It is important to contrast our 17.7% rate of late AKI with recent reports of AKI using the RIFLE criteria. The first use of RIFLE criteria in the burned population was by Coca et al. who report an overall 27% rate of AKI, but they included patients with 10% TBSA or greater, used the lowest creatinine value in the first five days as a baseline, and used the highest creatinine value of the hospitalization to create a RIFLE score (15). Their reported mortality of 60% with the Failure class, is similar to our mortality for late AKI of 64.1% (Table 2), but they did not distinguish between early or late AKI and analyzed smaller burns (15). Mosier and colleagues found that patients with early AKI had a higher mortality and greater incidence of early MODS than patients without early AKI and also identified differences between early, progressive, and late AKI (17). Clearly, the timing of AKI onset significantly effects outcomes, as those with late AKI suffer more MODS and worse mortality (Table 2 and 3), but it is not as dismal of a prognosis of 80 to 100% mortality as previously reported in the last century (1, 2, 4, 19, 31). Defining the subset of patients with progressive AKI distinguishes the group of patients with the worst survival (18.8%), and we feel that these classifications will be important in stratifying patients for evaluation of novel AKI therapies in the future.

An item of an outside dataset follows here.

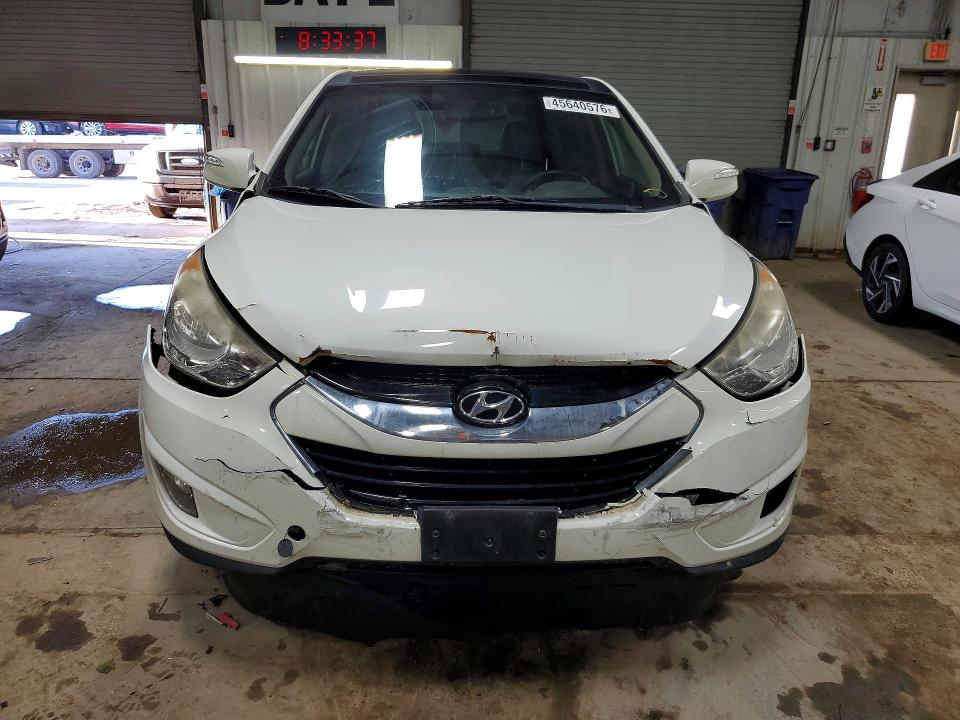 2013 Hyundai Tucson VIN KM8JUCAC2DU557585 COPART salvage auction — FRONT END, Il - Salvage Certificate, sold $350 on 2026-07-28 (photo 5)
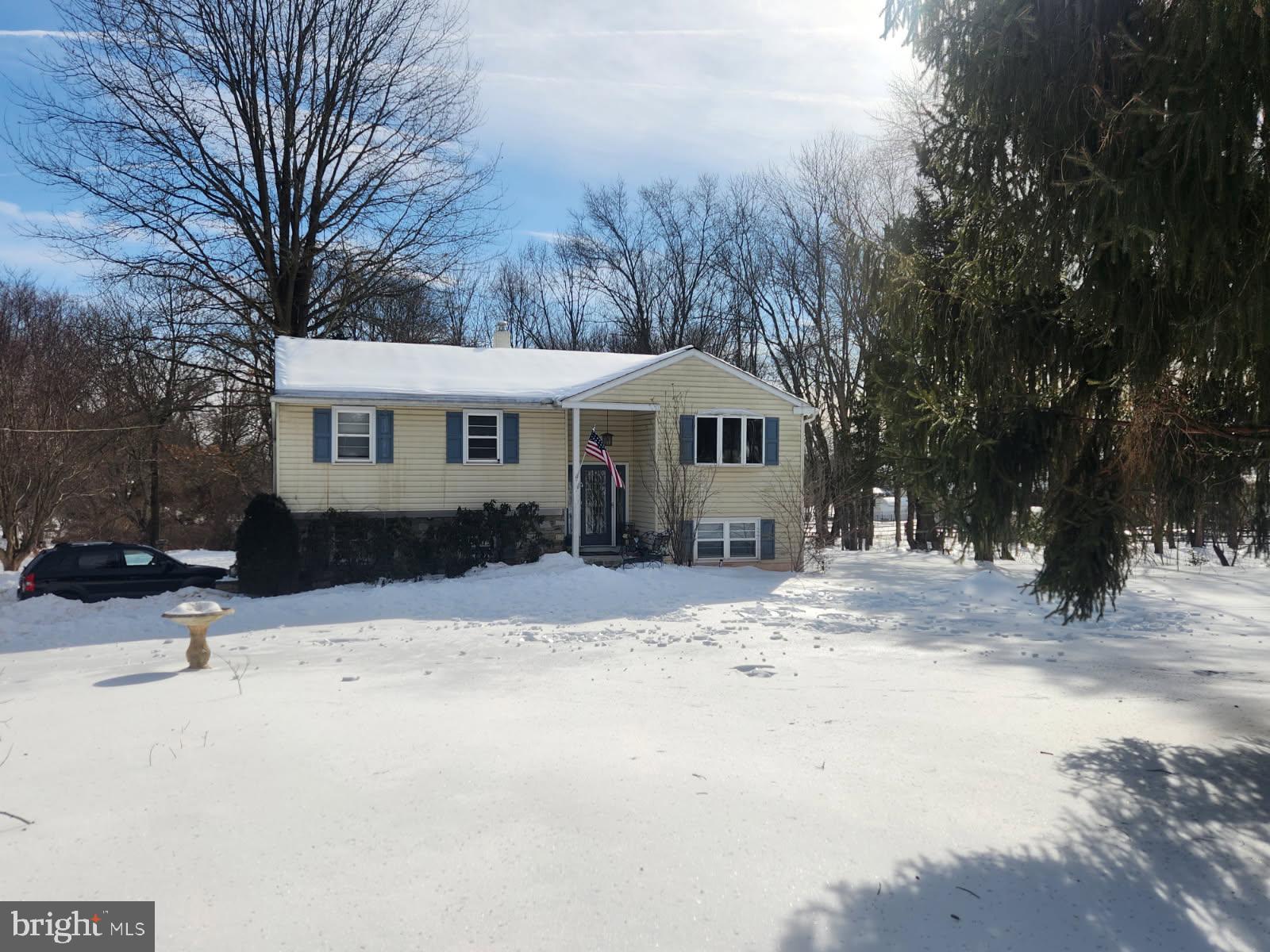 791 Griffiths Road Warrington, PA 18976 - Photo 3 of 3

With this in mind, we created a decision tree using CART analysis to identify patients at risk for late AKI early in their hospital course. Our goal was to create a simple decision tool that could be used at the bedside. The resulting decision tree was four levels. Not surprisingly, the NROF score was the best variable for classifying patients at risk for late AKI (Figure 1). Late AKI has long been associated with sepsis and MODS (1, 32, 33). Additionally, MODS and late kidney injury have been associated with inhalation injury (1, 7, 33), but our decision tree does not include inhalation injury. Although univariate analysis found significant differences in the percentage of inhalation injury between those with none, early, or late AKI, there were a significant number of patients with inhalation injury among those that did not suffer any AKI or who only experienced early AKI (25% and 44.9%, respectively, Table 2). The mathematical driving force behind CART analysis is to develop a “pure” node where 100% of its subjects can be classified as having a particular outcome. Therefore, inhalation injury proved less powerful in its ability to split the group into a “pure” node. A NROF score of zero, on the other hand, provided a terminal node where 88% of its occupants did not suffer late AKI (Figure 1).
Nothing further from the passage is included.